成為怪物以前 / 蕭瑋萱

陳浩基『13.67.』を世界的な話題作へと押し上げた立役者、台湾光磊國際版權公司のG氏がいま激推しする一冊。台湾でも話題となっているらしく、『13.67』のように各国で刊行されたあと、日本にも上陸するかもしれないのでホンの少しだけ紹介しておきます。

作者はインディペンデント系映画の脚本も手がけており、小説は本作がはじめて。あらすじは、――特殊清掃会社で働くヒロインには、かつて弟を練炭自殺で亡くした過去があった。ある日、深夜の事務所に一人でいると、「明日の朝までにこの部屋を片付けてもらいたい」という妙な電話がかかってくる。電話で言われた現場に到着すると、天井が崩れ落ち、首吊り自殺をしたらしい痕跡があるものの、死体はない。彼女は訝しく思いながらもひとりで仕事を済ませると、それから数日して警察からの呼び出しが。

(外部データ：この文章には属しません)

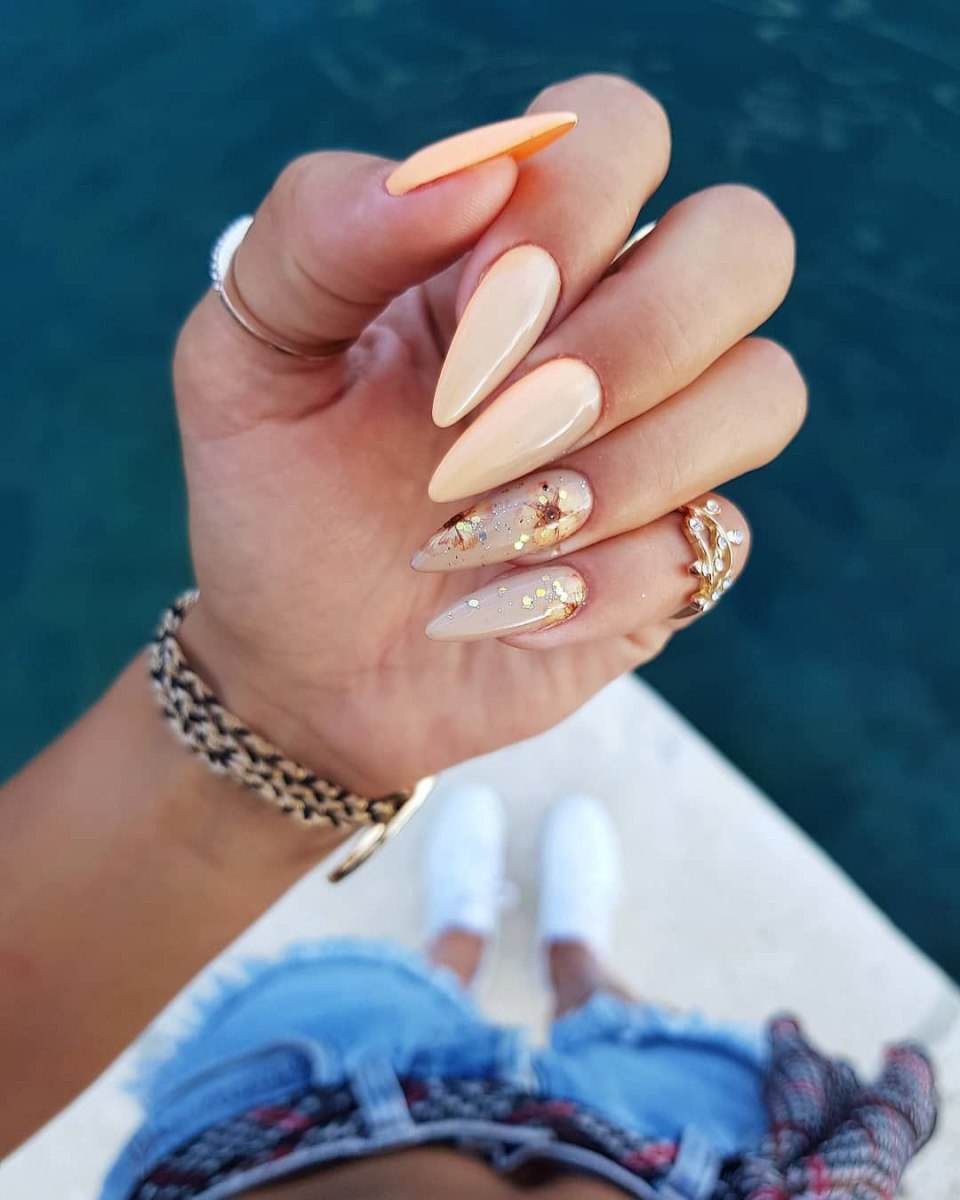 Бежевый маникюр на длинные ногти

どうやらその部屋の住人だった女子大生がバラバラ死体となって見つかり、自分はその容疑者として疑われているらしい。元恋人の弁護士とともに自分を陥れた人物を探し出そうと決意した彼女は、ふと思い出す。現場に残されていたある香り――その香水の香りは、かつて自殺した弟の部屋でも嗅いだことのあるものだった。弟の死と事件を繋ぐミッシングリンク。そして彼女を陥れようとするものの正体とは。人間離れした嗅覚の持ち主である彼女は、香水殺人魔の助言を得ながら事件の真相に辿り着くことができるのか――という話。

本格ミステリとしては、中盤に真犯人に絡めたどんでん返しが用意されているものの、本作の眼目は、カットバックを交差させた各シーンの見せ方と、登場人物たちの過去が事件の真相へと収斂していく映画的な展開の巧みさでしょう。過去と現在を交錯させ、さらには語り手不明の独白などが混在しているため、初読時は混乱したものの、最後まで読了してなるほど、と膝を打つ一冊に仕上がっています。

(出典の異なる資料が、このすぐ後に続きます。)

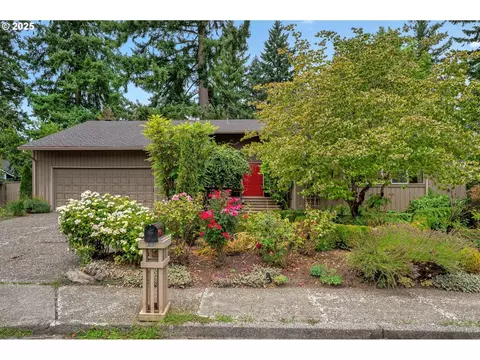 8985 SW Leslie St, Portland, OR 97223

作者のあとがきに曰く、本作は犯罪文学小説であるとのこと。特にこの「文学」というところが、本作の魅力を語る上での重要なポイントになっているかもしれません。地の文で登場人物の内心をじっくりネットリと描いていく趣向は、日本のミステリよりはむしろ欧米のミステリの雰囲気に近く、香水が事件の謎を解く大きな鍵となっている点についても、作者がパトリック・ジュースキント『ある人殺しの物語 香水』を意識していることは明らかでしょう(実際、ヒロインと殺人鬼との会話の中で、彼女が追いかける犯人をふたりは「グルヌイユ」と呼ぶことにしている(『香水』の主人公の名前))。

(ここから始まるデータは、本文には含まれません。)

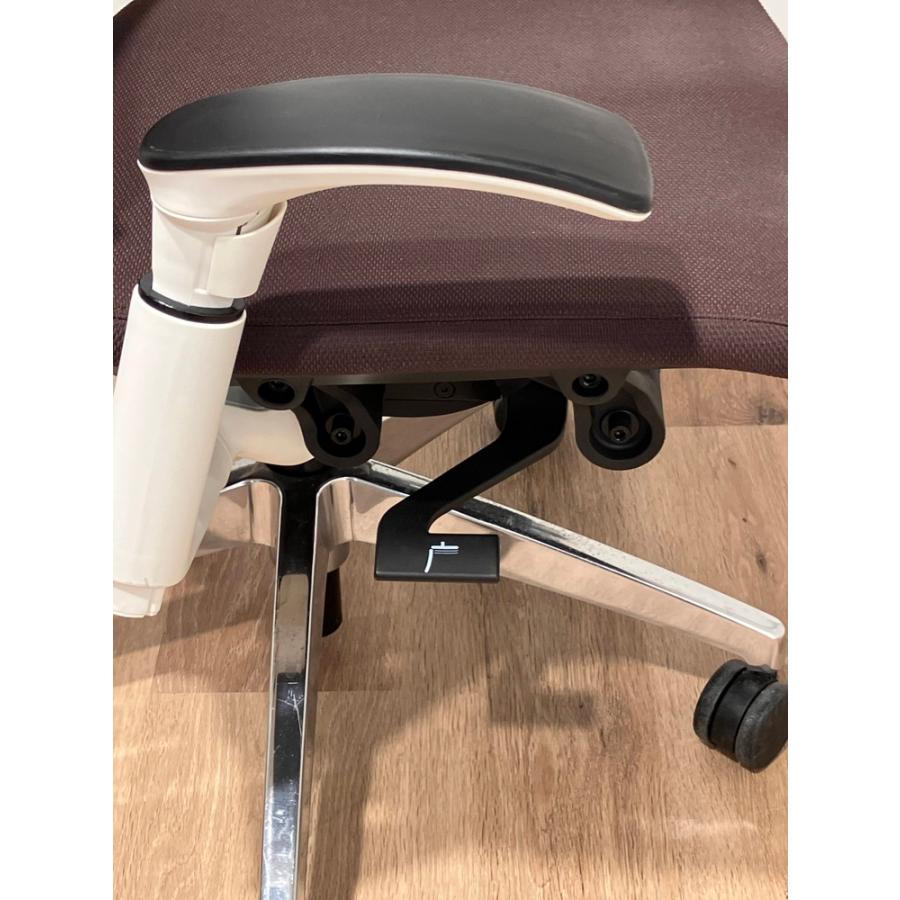 □中古品□ イトーキ Celeeo(セレーオ)シリーズ 可動肘付 □中古品□ イトーキ Celeeo(セレーオ)シリーズ 可動肘付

『香水』が、主人公・グルヌイユがある香りに魅了されたことをきっかけに殺人者となり、究極の香りを求めて放浪する一代記であったのに比較すると、本作は『成為怪物以前』(怪物になる前)というタイトルが暗示する通り、ある人物が「怪物」へと変貌していく物語である点が異なります。「怪物」とはいったい何なのか、「怪物」と「狂人」との違いは何なのかという点が、殺人鬼や、ヒロインが対峙する犯罪者の振る舞いや因業を交えて明らかにされていく後半部の緊張感溢れる展開も見所で、本格ミステリ点な視点よりは、スリラー、サスペンスに文学的香気を交えた物語を一編の映画のように仕上げた一冊ということができるかもしれません。

また脚本家である作者らしく、ある古典的な名作が、本作の犯人像や事件の真相に繋がる伏線として大胆に提示されているところにも注目で、このあたり、なかなかマニア心を擽る一編に仕上がっています。なおこの作品、『2022法蘭克福書展臺灣館』の「跨域IP成果」に選出されているところからも、近い将来、映像化されるかもしれません。注目の作品、ということで。